Unusual alpha beta-T cells expanded in autoimmune lpr mice are probably a counterpart of normal T cells in the liver

Abstract

Autoimmune MRL-lpr/lpr (lpr) mice develop severe lymphadenopathy, characterized by the accumulation of alpha beta-T cells with CD4-8- double negative (DN) phenotype, at the onset of disease. We previously demonstrated that the liver is a major site for the proliferation of such DN alpha beta-T cells. Herein, we further demonstrate that a large proportion of alpha beta-T cells in the liver and other organs, except the thymus, of lpr mice have unique properties, such as DN phenotype, relatively dull TCR intensity, a preponderance of V beta 8+ cells, and Pgp-1 expression. Interestingly, alpha beta-T cells in the liver of normal mice were found to consist of T cells with intermediate intensity of TCR (i.e., brighter than thymic dull TCR and lower than thymic bright TCR) as well as with bright intensity of TCR in the immunofluorescence test.

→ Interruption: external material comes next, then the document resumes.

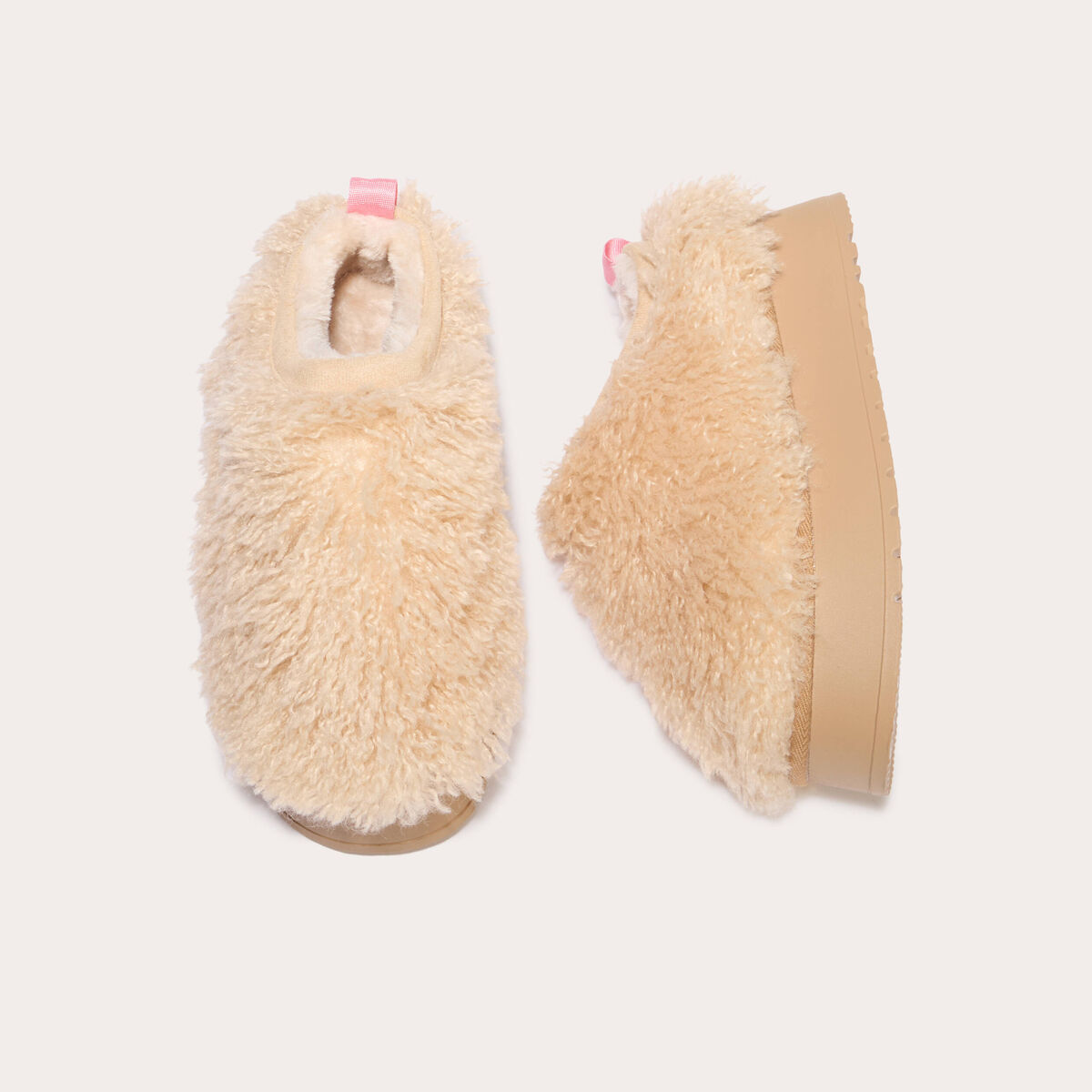 Chaussons fausse fourrure sable femme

These hepatic alpha beta-T cells with intermediate TCR in normal mice were found to have properties similar to those of alpha beta-T cells in lpr mice. These results suggest that abnormal alpha beta-T cells in lpr mice are a counterpart of normal T cells in the liver. An abnormal expansion of such T cells in the liver might be fundamental to the pathogenesis involved in these autoimmune mice.